## Work to complete
The lines from the start of the records below through the line containing "[10% 추가할인] AMT 드라잉 타공 바스켓 24cm (바디+커버)" are to be copied exactly, both ends included, with nothing added.

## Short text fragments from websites
# # # #
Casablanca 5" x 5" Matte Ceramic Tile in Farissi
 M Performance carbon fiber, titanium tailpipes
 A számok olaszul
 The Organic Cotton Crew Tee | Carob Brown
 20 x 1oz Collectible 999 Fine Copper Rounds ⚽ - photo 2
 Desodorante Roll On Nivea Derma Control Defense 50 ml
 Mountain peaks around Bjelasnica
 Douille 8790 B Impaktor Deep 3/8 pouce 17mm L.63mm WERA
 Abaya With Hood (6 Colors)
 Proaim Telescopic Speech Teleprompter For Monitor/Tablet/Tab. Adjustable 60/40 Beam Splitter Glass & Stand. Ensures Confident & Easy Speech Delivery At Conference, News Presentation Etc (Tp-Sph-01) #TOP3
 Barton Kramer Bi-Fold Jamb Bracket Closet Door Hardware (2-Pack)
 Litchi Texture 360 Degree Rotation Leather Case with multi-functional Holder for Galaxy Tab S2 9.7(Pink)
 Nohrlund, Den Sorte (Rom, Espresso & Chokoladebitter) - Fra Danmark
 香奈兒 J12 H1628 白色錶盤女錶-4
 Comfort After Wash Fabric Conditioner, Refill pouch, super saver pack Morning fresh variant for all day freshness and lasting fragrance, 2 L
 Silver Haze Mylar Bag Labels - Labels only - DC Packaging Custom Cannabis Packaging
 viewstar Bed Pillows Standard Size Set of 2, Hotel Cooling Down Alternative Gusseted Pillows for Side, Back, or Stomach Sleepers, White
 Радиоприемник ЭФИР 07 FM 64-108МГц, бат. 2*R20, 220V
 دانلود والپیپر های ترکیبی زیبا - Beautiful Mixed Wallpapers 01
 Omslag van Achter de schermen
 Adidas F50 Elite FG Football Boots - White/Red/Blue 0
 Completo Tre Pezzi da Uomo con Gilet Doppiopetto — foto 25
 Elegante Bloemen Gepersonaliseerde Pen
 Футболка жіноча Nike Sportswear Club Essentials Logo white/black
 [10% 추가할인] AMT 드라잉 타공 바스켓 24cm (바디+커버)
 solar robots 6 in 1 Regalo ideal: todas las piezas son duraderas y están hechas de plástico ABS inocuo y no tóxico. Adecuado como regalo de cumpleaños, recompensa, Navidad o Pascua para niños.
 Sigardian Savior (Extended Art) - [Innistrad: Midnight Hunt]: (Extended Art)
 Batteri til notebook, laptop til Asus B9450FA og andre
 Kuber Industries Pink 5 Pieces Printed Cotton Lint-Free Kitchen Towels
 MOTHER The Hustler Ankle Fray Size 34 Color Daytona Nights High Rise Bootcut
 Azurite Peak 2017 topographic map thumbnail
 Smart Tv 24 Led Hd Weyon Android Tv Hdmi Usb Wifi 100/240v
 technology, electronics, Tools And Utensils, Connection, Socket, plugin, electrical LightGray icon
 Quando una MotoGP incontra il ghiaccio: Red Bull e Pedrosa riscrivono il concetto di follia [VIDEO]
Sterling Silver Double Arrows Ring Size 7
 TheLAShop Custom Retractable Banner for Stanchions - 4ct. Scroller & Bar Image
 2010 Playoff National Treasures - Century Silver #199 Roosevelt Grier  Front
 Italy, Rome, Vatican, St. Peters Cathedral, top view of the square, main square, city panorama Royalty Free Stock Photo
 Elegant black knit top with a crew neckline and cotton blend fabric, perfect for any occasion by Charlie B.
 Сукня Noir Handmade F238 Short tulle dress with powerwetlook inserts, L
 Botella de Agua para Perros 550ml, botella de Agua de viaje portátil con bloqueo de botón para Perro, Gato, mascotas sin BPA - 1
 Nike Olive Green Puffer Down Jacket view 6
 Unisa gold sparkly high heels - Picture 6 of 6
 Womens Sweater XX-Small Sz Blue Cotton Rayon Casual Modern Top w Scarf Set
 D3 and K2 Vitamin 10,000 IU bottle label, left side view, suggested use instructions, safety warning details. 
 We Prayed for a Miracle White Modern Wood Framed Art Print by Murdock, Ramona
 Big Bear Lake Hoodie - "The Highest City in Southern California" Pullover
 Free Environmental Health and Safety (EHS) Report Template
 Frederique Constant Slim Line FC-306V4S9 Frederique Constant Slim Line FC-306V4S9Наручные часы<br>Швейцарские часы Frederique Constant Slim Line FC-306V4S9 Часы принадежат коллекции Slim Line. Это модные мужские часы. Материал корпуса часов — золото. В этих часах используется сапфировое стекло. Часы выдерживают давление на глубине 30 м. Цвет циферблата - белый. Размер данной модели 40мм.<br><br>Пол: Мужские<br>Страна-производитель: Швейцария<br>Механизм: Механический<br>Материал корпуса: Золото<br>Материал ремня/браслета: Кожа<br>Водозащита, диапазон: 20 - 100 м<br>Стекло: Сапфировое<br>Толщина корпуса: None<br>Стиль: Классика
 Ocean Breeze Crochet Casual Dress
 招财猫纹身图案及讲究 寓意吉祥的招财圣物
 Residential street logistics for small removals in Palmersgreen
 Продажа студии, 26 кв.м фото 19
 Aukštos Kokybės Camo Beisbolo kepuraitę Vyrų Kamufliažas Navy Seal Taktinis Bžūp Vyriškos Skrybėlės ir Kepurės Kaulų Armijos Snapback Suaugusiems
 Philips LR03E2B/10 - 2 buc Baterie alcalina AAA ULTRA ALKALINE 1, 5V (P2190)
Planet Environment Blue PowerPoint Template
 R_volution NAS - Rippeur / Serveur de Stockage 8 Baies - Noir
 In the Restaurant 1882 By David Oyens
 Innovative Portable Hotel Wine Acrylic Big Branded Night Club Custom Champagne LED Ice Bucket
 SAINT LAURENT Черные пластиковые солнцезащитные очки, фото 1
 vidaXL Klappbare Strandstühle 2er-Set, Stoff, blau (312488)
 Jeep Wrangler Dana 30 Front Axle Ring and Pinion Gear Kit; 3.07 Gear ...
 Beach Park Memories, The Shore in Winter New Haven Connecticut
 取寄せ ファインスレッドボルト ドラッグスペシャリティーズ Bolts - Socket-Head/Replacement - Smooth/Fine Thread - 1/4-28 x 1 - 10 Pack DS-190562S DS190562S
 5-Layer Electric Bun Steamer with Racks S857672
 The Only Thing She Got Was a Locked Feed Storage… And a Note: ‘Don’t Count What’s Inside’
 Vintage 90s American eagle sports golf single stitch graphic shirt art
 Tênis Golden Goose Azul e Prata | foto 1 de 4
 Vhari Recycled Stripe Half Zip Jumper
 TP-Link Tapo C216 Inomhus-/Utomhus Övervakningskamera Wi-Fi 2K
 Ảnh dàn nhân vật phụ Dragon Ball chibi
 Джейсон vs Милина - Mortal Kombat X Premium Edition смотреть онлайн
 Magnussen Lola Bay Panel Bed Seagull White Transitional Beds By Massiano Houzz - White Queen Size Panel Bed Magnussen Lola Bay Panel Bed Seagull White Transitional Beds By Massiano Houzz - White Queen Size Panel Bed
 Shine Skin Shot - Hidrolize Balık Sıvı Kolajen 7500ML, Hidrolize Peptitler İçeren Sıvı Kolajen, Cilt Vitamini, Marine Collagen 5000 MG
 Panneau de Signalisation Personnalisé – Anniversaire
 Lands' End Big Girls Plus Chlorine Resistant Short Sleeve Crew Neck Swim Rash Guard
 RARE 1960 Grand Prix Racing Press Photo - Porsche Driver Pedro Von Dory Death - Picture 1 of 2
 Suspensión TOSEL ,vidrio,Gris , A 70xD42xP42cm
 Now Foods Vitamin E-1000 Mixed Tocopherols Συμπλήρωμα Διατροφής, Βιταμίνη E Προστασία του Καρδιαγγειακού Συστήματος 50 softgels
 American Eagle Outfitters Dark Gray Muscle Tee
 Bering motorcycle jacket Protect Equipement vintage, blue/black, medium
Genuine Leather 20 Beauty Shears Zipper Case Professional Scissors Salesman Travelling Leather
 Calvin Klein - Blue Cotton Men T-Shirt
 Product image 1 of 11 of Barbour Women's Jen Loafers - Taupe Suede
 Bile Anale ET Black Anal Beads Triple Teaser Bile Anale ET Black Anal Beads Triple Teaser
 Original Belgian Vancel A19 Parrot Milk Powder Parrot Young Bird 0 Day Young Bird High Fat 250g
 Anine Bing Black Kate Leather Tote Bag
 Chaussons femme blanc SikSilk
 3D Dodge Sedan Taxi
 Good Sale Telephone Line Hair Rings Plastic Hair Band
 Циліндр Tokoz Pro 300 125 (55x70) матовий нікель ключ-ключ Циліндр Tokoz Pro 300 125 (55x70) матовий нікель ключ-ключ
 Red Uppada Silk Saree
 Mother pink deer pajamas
# # # #
## Solution
Casablanca 5" x 5" Matte Ceramic Tile in Farissi
 M Performance carbon fiber, titanium tailpipes
 A számok olaszul
 The Organic Cotton Crew Tee | Carob Brown
 20 x 1oz Collectible 999 Fine Copper Rounds ⚽ - photo 2
 Desodorante Roll On Nivea Derma Control Defense 50 ml
 Mountain peaks around Bjelasnica
 Douille 8790 B Impaktor Deep 3/8 pouce 17mm L.63mm WERA
 Abaya With Hood (6 Colors)
 Proaim Telescopic Speech Teleprompter For Monitor/Tablet/Tab. Adjustable 60/40 Beam Splitter Glass & Stand. Ensures Confident & Easy Speech Delivery At Conference, News Presentation Etc (Tp-Sph-01) #TOP3
 Barton Kramer Bi-Fold Jamb Bracket Closet Door Hardware (2-Pack)
 Litchi Texture 360 Degree Rotation Leather Case with multi-functional Holder for Galaxy Tab S2 9.7(Pink)
 Nohrlund, Den Sorte (Rom, Espresso & Chokoladebitter) - Fra Danmark
 香奈兒 J12 H1628 白色錶盤女錶-4
 Comfort After Wash Fabric Conditioner, Refill pouch, super saver pack Morning fresh variant for all day freshness and lasting fragrance, 2 L
 Silver Haze Mylar Bag Labels - Labels only - DC Packaging Custom Cannabis Packaging
 viewstar Bed Pillows Standard Size Set of 2, Hotel Cooling Down Alternative Gusseted Pillows for Side, Back, or Stomach Sleepers, White
 Радиоприемник ЭФИР 07 FM 64-108МГц, бат. 2*R20, 220V
 دانلود والپیپر های ترکیبی زیبا - Beautiful Mixed Wallpapers 01
 Omslag van Achter de schermen
 Adidas F50 Elite FG Football Boots - White/Red/Blue 0
 Completo Tre Pezzi da Uomo con Gilet Doppiopetto — foto 25
 Elegante Bloemen Gepersonaliseerde Pen
 Футболка жіноча Nike Sportswear Club Essentials Logo white/black
 [10% 추가할인] AMT 드라잉 타공 바스켓 24cm (바디+커버)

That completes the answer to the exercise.